Loading and exploring a graph
We start the tutorial by loading a pangenome graph object and exploring its properties. For this tutorial we will use the plasmids.json
file that you can find in pypangraph repository under tests/data/plasmids.json
We can load the graph object with:
import pypangraph as pp
graph = pp.Pangraph.from_json("plasmids.json")
print(graph)
# pangraph object with 15 paths, 137 blocks and 1042 nodes
The components of a graph
As explained in the tutorial, a pangenome graph is composed of three main components: nodes, blocks and paths.
- Blocks encode multiple sequence alignments that group together homologous parts of the input genomes.

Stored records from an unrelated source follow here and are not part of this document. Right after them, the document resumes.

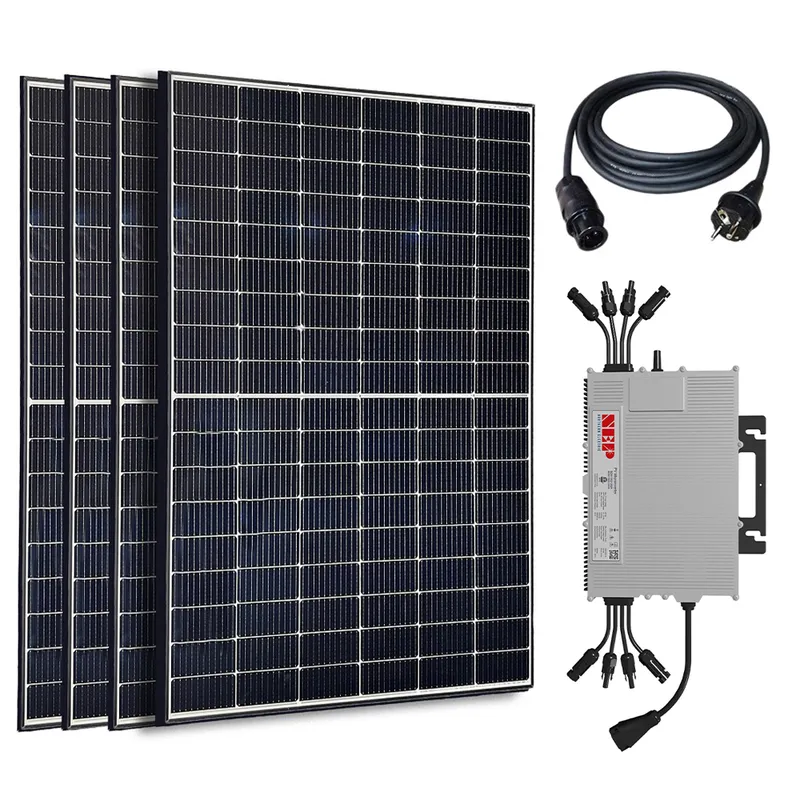 PV Solaranlage Photovoltaik 2380 W (4x595 W) & Wechselrichter NEP 2000 W drosselbar
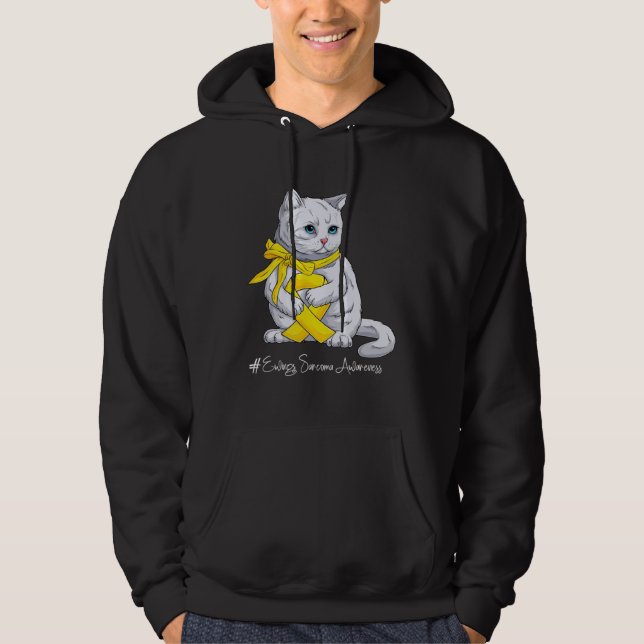 Moletom Ewings Sarcoma Awareness Month Yellow Ribbon Cat (Frente)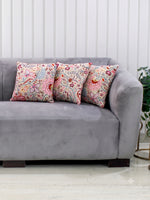 Pink Blossom Floral Hand Quilted Cushion Cover-Set of 5-Pink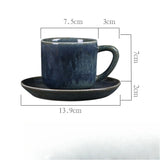 Qfdian  Retro Coarse Pottery Mug Creative Coffee Cups Saucer Set Restaurant Office Home Exquisite Afternoon Latte Ceramics Tea Cups Gift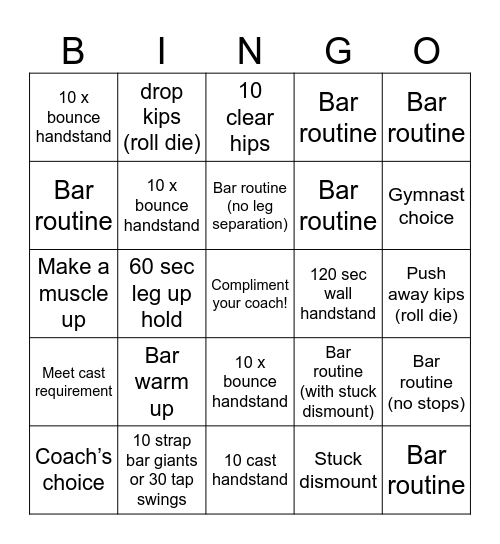 Xcel Gold Bars Bingo Card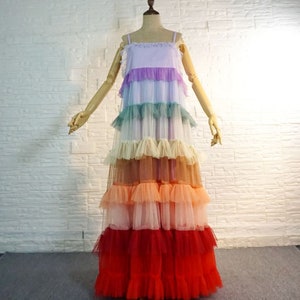 Romantic layered tulle dress,Rainbow mesh dress,Suspender resort beach dress,Ruffled rainbow dress,Handmade dress,Custom tulle dress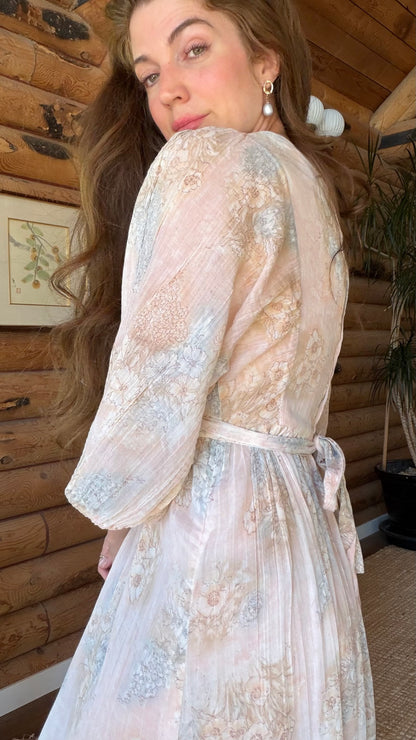 1970s Watercolor Prairie Dress
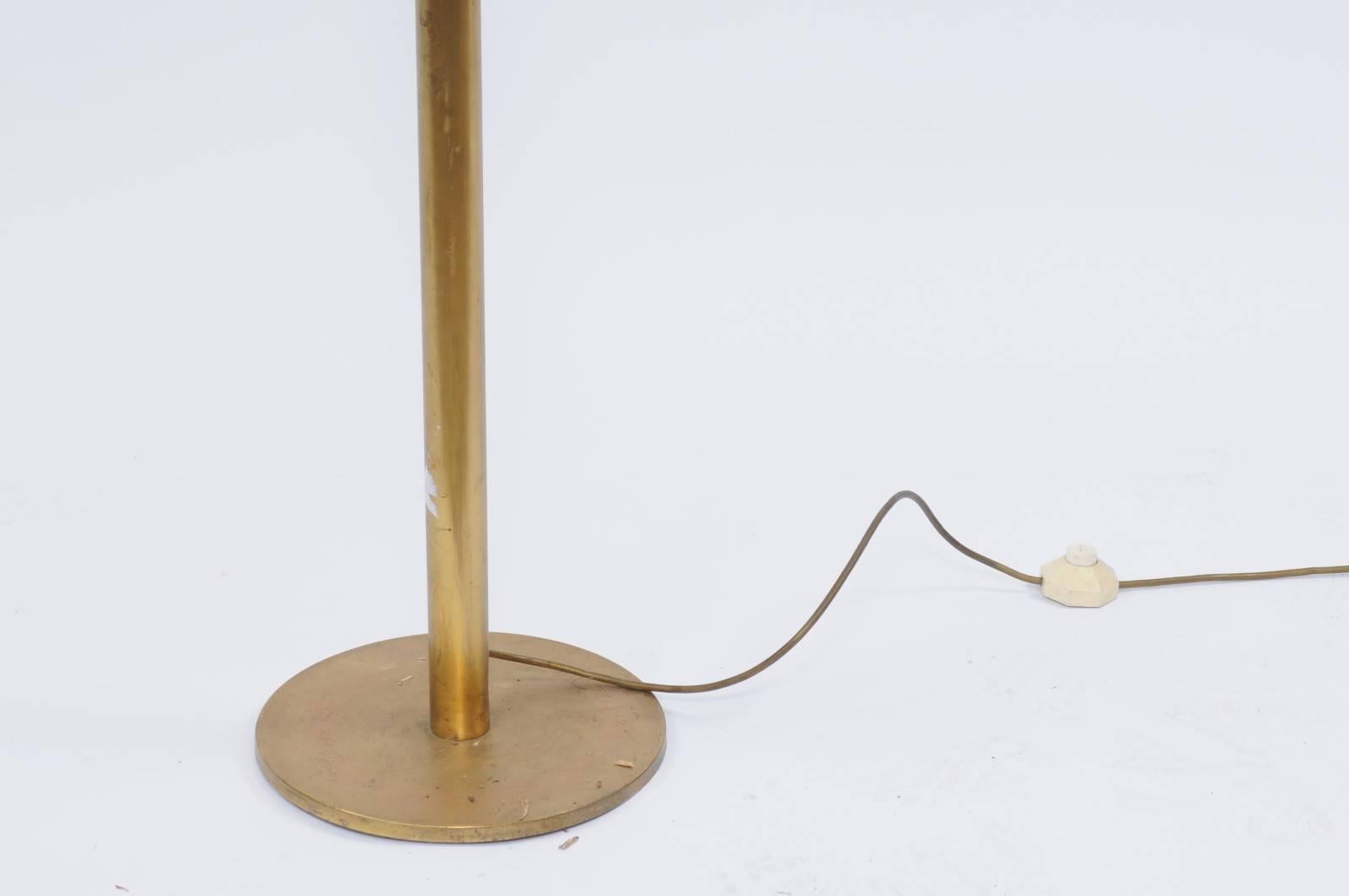 Vintage Italian Seven-Light Brass Floor Lamp with Arched Arms from the 1970s For Sale 2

- Paths are representation of the input genomes as a sequences of blocks. More precisely, as sequence of nodes.
- Nodes are the elements that connect blocks and paths. Each node connects a single element in a path with a single entry in a block alignment.
These are saved in three sub-properties of the graph object:
graph.blocks
graph.paths
graph.nodes
Paths
This is a graph made from 15 different plasmid sequences. Each sequence corresponds to a different path. We can get the path names with:
print(graph.paths.keys())
# ['RCS48_p1', 'RCS49_p1', 'RCS64_p2', 'RCS80_p1', ... ]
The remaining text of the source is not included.